Jim Selby, AFL Staff

[Edmonton] After defeating the government’s back-to-work legislation in court on March 1, 2002, the Alberta teachers Association gave Premier Ralph Klein a golden opportunity to resolve the underlying funding issue that caused the teachers’ strike.

Instead of using the court ruling to re-institute their legal strike, the Alberta teachers remained at work while negotiating with the Premier about a resolution mechanism to end the dispute fairly.

"From the beginning, teachers have been concerned about classroom conditions, fair salaries and initiatives to recruit and retain teachers," said Alberta Teachers Association President Larry Booi. "It is important that the arbitration process provide an opportunity for all three concerns to be raised. By returning to their classrooms, teachers have provided the government with an opportunity to put into place a process that is fair, open and independent.

Now, the government has forced the teachers into an arbitration process that is unfair, closed and completely controlled by the government and school boards. Under Bill 12, the Education Services Settlement Act, no award may cause a school board to run a deficit (or increase a deficit position that already exists). This means that the government’s budgeted 4% and 2% for teachers salaries is basically imposed by law – because that is the source of school board revenues. Furthermore, no contract may specify hours of work, student-pupil ratios or classroom size – the very issues at the heart of the education crisis are excluded from the arbitrator’s purview. And, it appears that any contracts that do have such provisions will have them stripped out!

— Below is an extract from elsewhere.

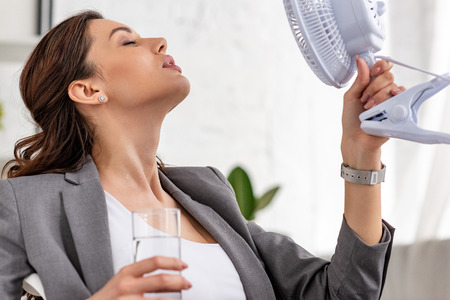 Beautiful businesswoman holding electric fan and glass of water with closed eyes while suffering from heat in officeの写真素材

The Bill makes it illegal for teachers to strike for the next two years or to conduct any kind of work slowdown.

"This is not an arbitration process," charged Alberta Federation of Labour President Les Steel, "it is assault and battery with a legislative gun!"

"The government has mugged the teachers and made a mockery of free collective bargaining," said Steel. "How can any arbitrator render a fair or impartial decision when the only thing he can consider is the employer position on wages – without even any chance to address all of the serious classroom questions."

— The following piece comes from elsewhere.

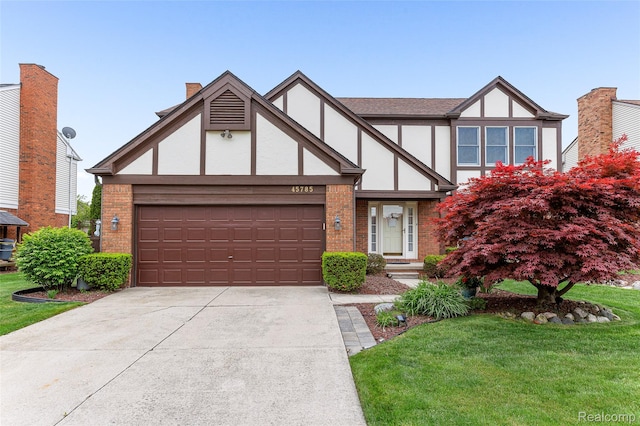 45785 Bryn Mawr Rd, Canton, MI 48187 - tudor home with stucco siding, brick siding, and a front lawn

"The government has given in to anti-teacher caucus hardliners and to a strong lobbying campaign from the Alberta School Boards Association (ASBA).

The teachers are furious with the double-dealing. "They have just kicked the hell out of classroom teachers," said Booi.

"The government has really dropped the ball on this one," said Alberta Federation of Labour President Les Steel. "They had a chance to deal with the serious lack of education funding in a fair and impartial manner. They could have said: ‘okay, an independent review says we have to put in more money, so we will’. But instead they have kicked the teachers and students in this province in the teeth by sweeping classroom problems under the rug and by destroying teachers’ chance for a fair wage settlement," said Steel.

Steel also suggested that the ASBA has blundered badly by providing the government with an excuse not to address the real cause of the problem. "They should have supported as broad and independent an arbitration process as possible – and if the arbitrator agreed to teachers’ salary and working condition proposals, it would have been up to the government to provide the necessary funding."